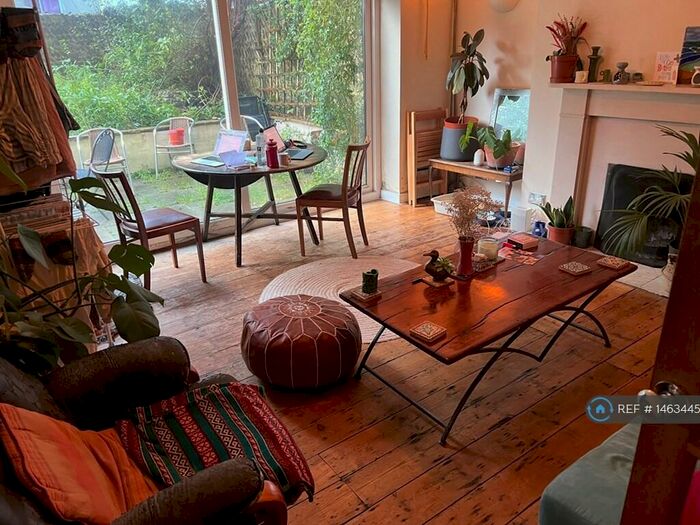 3 Bedroom Flat To Rent In Clarendon Villas, Hove, BN3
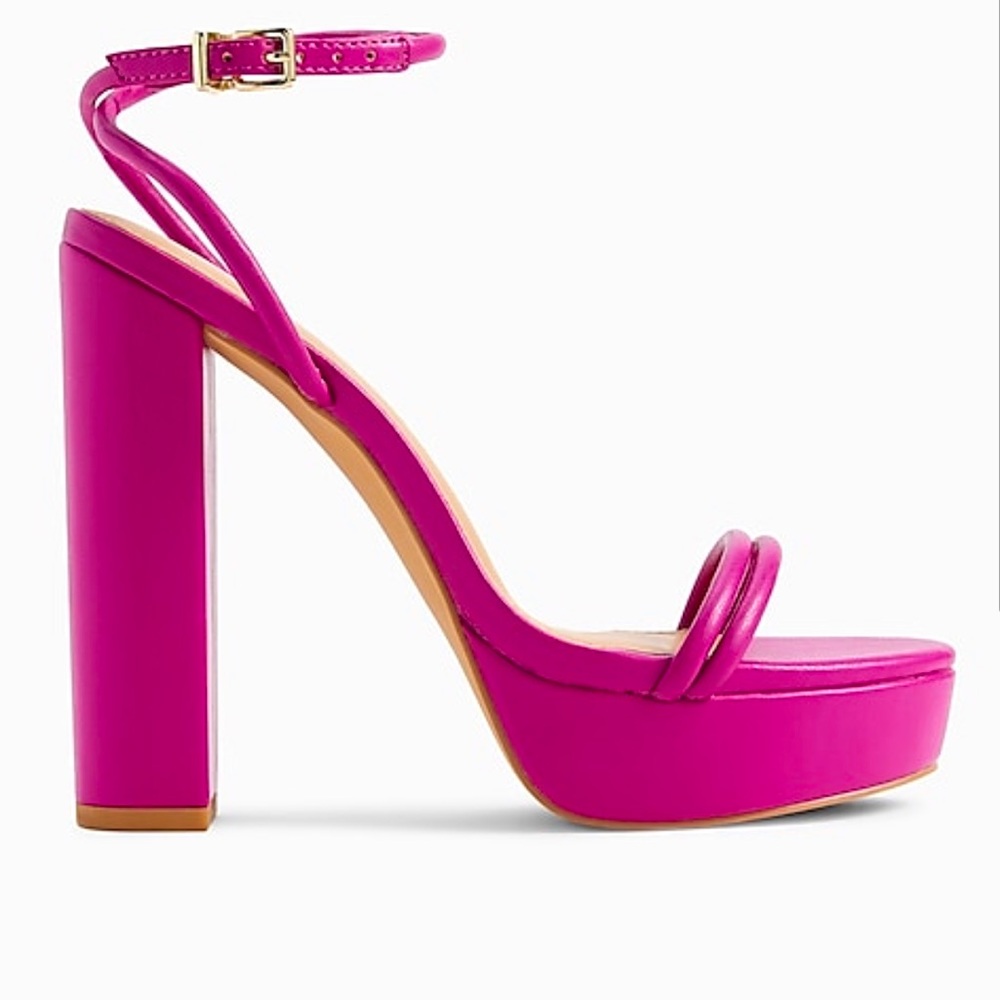 NWT💕EXPRESS Fuschia Strappy Sandal Platform Heels - Women’s Size 8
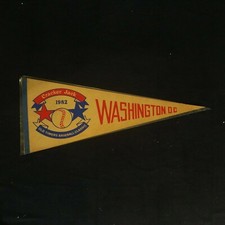 Vtg Walter Alston autographed 1982 Cracker Jack Old Timers DC Pennant 30 × 12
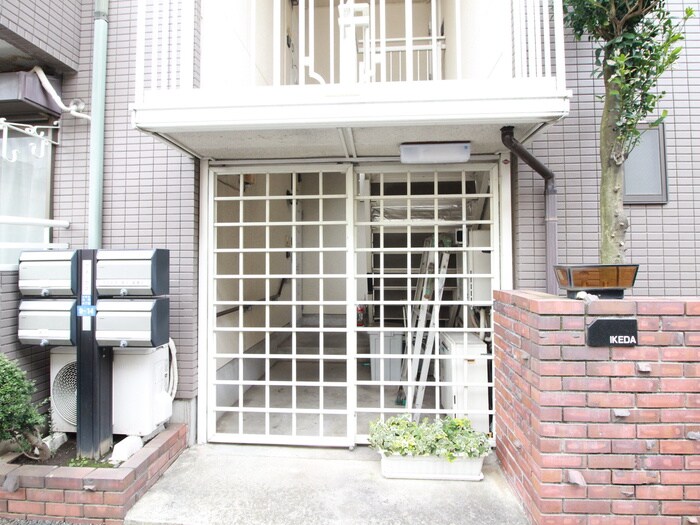 物件外観写真2　(エントランス部分)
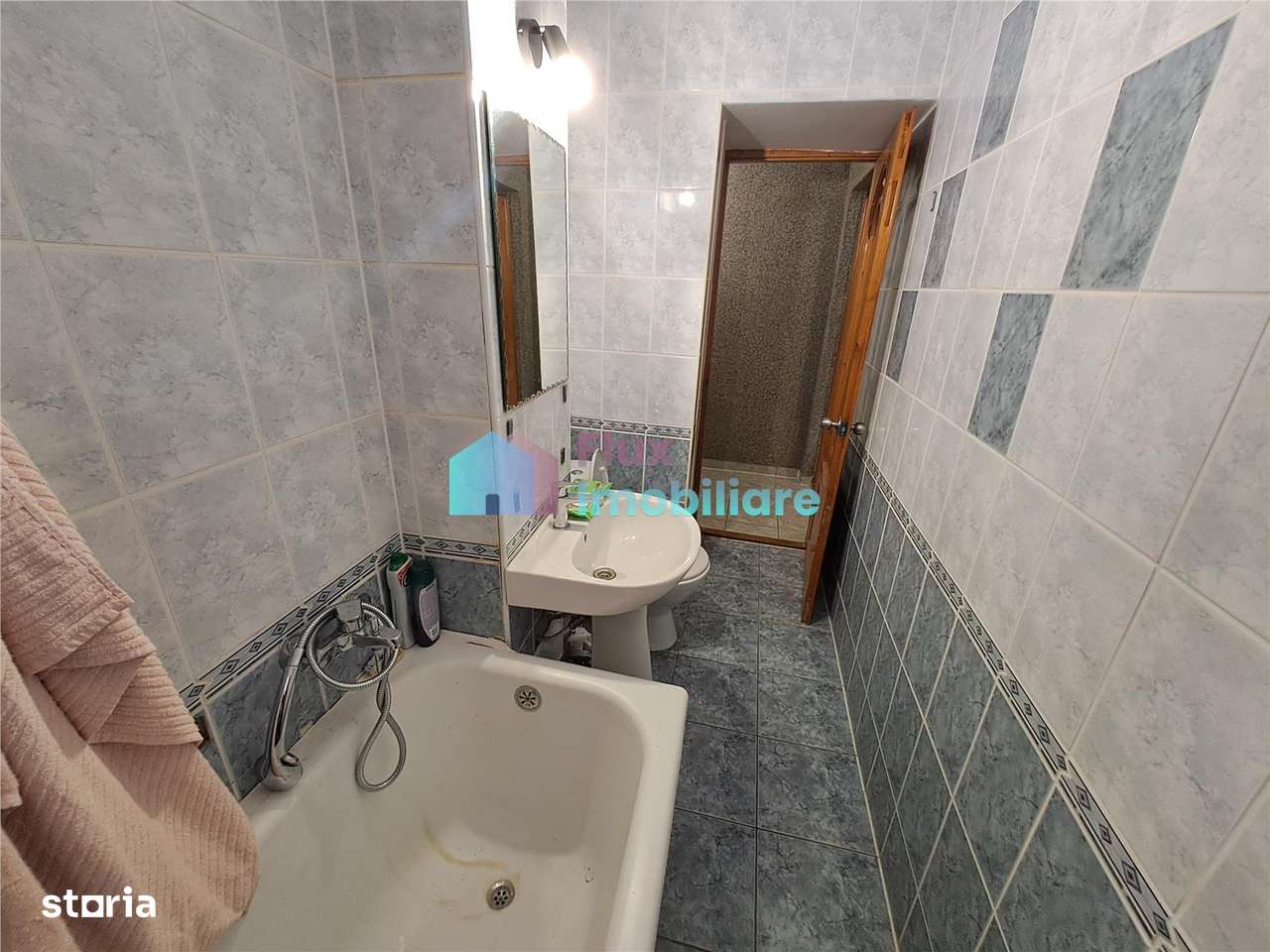 Apartament cu 3 camere semimobilat etaj 3 George Enescu-15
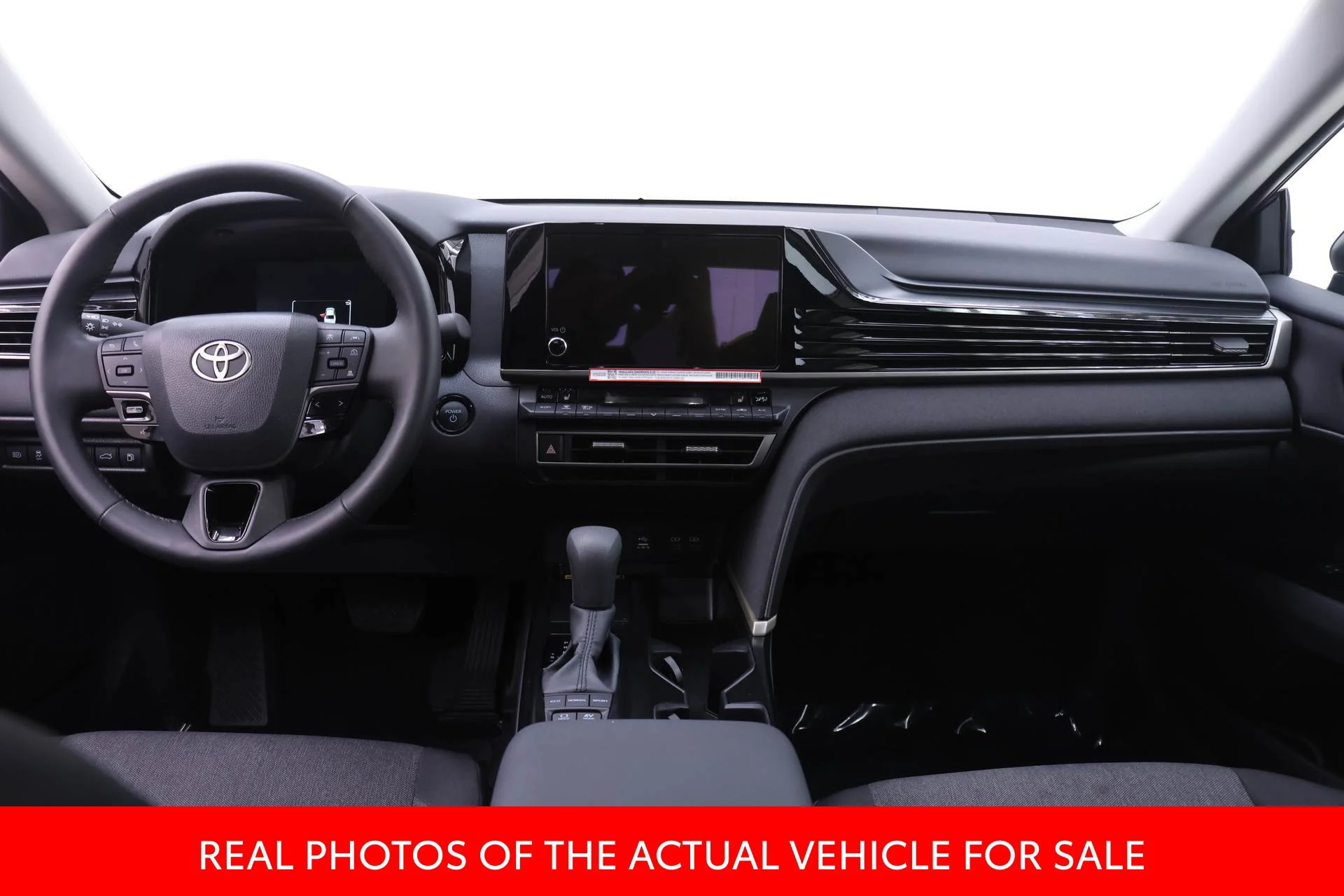 Used 2026  Toyota LE image 5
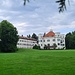 Schloss Possenhofen, nur durch ein Loch in der lebenden Hecke sichtbar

****************************************

§ **The problem**:
Could you reproduce the records above exactly, leaving out every picture?

§ **Solution to this exercise**:
 3 Bedroom Flat To Rent In Clarendon Villas, Hove, BN3
 NWT💕EXPRESS Fuschia Strappy Sandal Platform Heels - Women’s Size 8
 Vtg Walter Alston autographed 1982 Cracker Jack Old Timers DC Pennant 30 × 12
 物件外観写真2　(エントランス部分)
 Apartament cu 3 camere semimobilat etaj 3 George Enescu-15
 Used 2026  Toyota LE image 5
 Schloss Possenhofen, nur durch ein Loch in der lebenden Hecke sichtbar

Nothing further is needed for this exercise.